- About this task:
Within the listing below, tally the lines where the word "bedrooms" appears, and answer with nothing but the tally.

- Source data:
====
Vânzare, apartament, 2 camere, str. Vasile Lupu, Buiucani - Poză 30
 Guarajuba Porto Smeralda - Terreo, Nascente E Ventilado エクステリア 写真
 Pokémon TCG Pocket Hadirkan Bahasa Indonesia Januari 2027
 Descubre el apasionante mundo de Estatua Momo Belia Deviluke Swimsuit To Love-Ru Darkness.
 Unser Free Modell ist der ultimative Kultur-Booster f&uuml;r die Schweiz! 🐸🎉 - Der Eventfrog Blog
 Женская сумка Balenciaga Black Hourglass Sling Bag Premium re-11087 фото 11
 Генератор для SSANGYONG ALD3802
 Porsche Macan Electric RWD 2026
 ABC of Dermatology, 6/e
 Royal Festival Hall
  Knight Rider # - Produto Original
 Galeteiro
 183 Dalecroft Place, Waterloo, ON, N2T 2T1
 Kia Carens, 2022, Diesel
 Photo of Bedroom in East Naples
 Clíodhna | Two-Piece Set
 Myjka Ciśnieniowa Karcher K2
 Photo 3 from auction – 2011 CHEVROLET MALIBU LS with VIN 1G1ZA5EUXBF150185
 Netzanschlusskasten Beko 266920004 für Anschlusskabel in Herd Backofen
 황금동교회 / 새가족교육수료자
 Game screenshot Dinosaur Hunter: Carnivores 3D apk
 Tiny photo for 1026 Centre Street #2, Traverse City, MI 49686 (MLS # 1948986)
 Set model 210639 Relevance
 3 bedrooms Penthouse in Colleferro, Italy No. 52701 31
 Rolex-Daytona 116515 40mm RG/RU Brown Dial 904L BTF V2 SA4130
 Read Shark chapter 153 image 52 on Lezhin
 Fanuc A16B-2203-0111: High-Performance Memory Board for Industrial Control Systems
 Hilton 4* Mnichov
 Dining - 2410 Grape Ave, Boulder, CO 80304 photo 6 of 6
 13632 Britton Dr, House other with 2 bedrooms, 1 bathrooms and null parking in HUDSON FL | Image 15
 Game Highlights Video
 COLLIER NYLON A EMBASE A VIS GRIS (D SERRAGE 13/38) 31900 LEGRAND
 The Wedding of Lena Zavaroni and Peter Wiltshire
====
- Task answer:
2